Secretary of State Colin Powell traveled to Central and Eastern European countries in July in a bid to shore up support for the U.S.-led coalition. Speaking on Hungarian television, Powell urged coalition members not to "get weak in the knees" because of kidnappings in Iraq or public opinion polls at home. But if the United States is to sustain the involvement of "New Europe" in the coalition in Iraq, it must go beyond words and take steps to address its allies' main concerns. One is the stiff visa requirements imposed on travelers from Central Europe to America. Even today, when they are members of both the European Union and NATO, every Pole, Czech, Slovak and Hungarian must pay a $100 application fee and be personally interviewed before a visa is issued.

During his visit to Washington in August, Kwasniewski asked President Bush about this publicly and directly. The administration responded by increasing consular staff at the U.S. Embassy in Warsaw and establishing a program to "pre-screen" Poles traveling from the capital, but the Poles eventually want to see their country admitted into the visa waiver program. To his credit, John Kerry issued a statement in September saying that he would "work with Poland and the other newly free democracies of Central and Eastern Europe that are members of both the European Union and NATO to include them in the Visa Waiver Program."

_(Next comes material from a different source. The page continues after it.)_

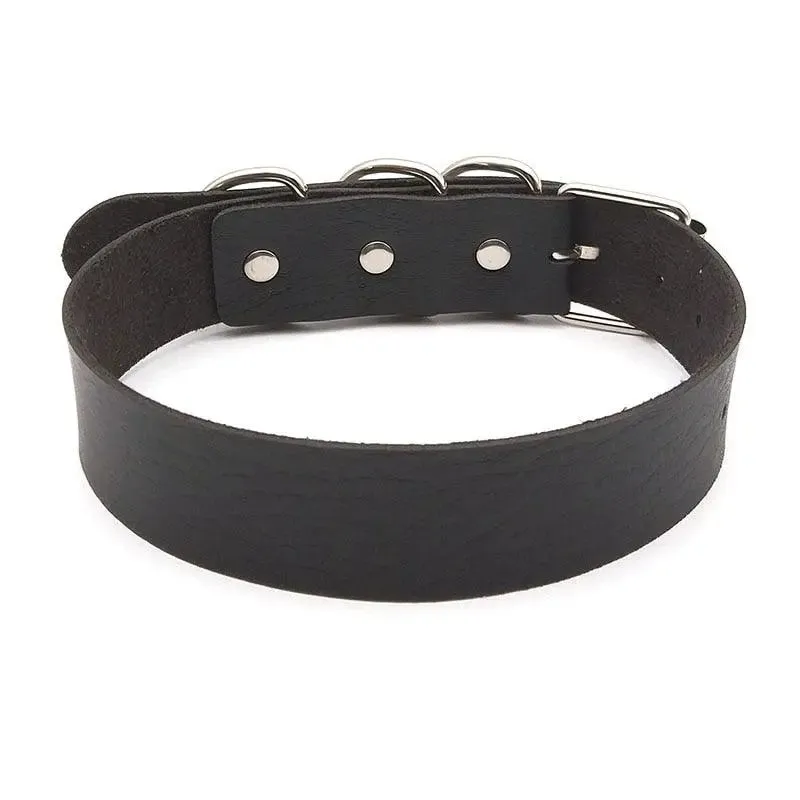 Daddy Collar (Colors)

The other bone of contention that has emerged between the United States and Central Europe concerns postwar Iraqi contracting. While Halliburton Co. and several other U.S. companies have reportedly been awarded contracts worth billions of dollars, comparatively few contracts have been awarded to companies from Central Europe. Although the U.S. Embassy in Warsaw held a workshop in September to help Polish companies understand Iraqi contracting regulations, there is widespread disappointment that the eagerness of the Bush administration to draw Poland into the war was not matched by sharing the business of postwar reconstruction. Progress in these two areas -- modernizing travel from Central Europe and opening up the contracting process to our allies -- would go a long way toward bolstering the transatlantic alliance, not only for our purposes in Iraq but in other hot spots. If current policies don't change, U.S.-Central European cooperation has the potential of becoming another example of the Bush administration's diplomatic failures.